I remember getting the call. Our mutual friend Curtis, with whom I hadn’t spoken to for a while, tracked me down by figuring out where I worked. He left a vague message on my answering machine at work. When I called his parents’ house, his mom told me what she knew. It sounded ridiculous, impossible. Terra was supposed to live forever. We were going to grow old together, two crazy old ladies flipping society the bird and doing whatever the hell we wanted. How could my partner in crime be gone?
I’d taken her for granted. I’d left Newfoundland for two years by then, always meant to go back, but then there was a whole other world to experience…and I figured Newfoundland would always be there…
I remember my last phone conversation with her, from my apartment in Williams Lake. I’d started writing songs, wrote a song about her on the little acoustic Yamaha. I tried playing a bit of it over the phone, which or course she couldn’t hear very well. It was a song about missing her, goddammit. I told her I probably wouldn’t get to come back for another couple of years, that’s the way it is when you only have 3 weeks of holidays a year. I wish I hadn’t said that. I wish I’d told her to come visit me. I mailed her a parcel shortly before she died, can’t remember what else was in it but the purple and blue paper mache crow, which she hung from the ceiling in the living room of her mom’s house.

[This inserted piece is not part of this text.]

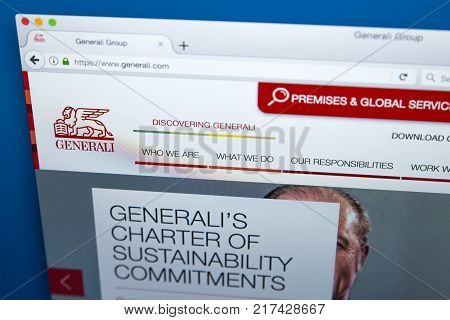 LONDON UK - OCTOBER 21ST 2017: The homepage of the official website for the Generali Group - the largest insurance company in Italy and third-largest in the world on 21st October 2017.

Painful life lessons that I have never forgotten to this day: never allow yourself to get isolated when you get depressed; never allow a friend to do the same. Don’t apologize for being who you are. If you see bullshit, call it…with a smile. Laugh loudly at the ridiculousness of life. There is beauty and love everywhere, even though it may be harder to find in some places.
As present and sentient as she was, so much more than I was at her age (at 23 I still felt like society’s drone), she lacked wisdom, the perspective of time. I can’t help but wonder what she would have been like 10 years down the road. Of course, I imagine my version of Terra, which is not the complete picture. For all I know 10 years down the road she could have been in and out of the Waterford with multiple suicide attempts, drug addictions, and other sad afflictions. For better or worse, this is what those of us left have got to work with.
Terra, I miss you so much that it still hurts today as badly as it did 10 years ago. I miss laughing together, our road trips, our hikes, swims, singing, playing music, making food, everything. Do you have any idea the life lessons you taught me, even when you were alive? When you first disappeared I wondered what these lessons meant, if anything. In my own grief, I wondered if everything I shared with you had been null and void. But when I went back to St. John’s I began to understand. I think you just felt sad, and alone, and hopeless. I wish I’d been there to help you.
Okay, the song that’s really going to put me under the steamroller is coming up. Not because we listened to it together, but because I rediscovered it the following year, in a songbook that had an additional verse written in it by Pete Seeger. To read this verse of encouragement, written by my musical hero, in loving response to a song about childhood wonder transforming into delusionment written by Terra’s musical hero, it reflected everything I wish I could have communicated.
Terra, may your spirit live on forever. I love you, sister.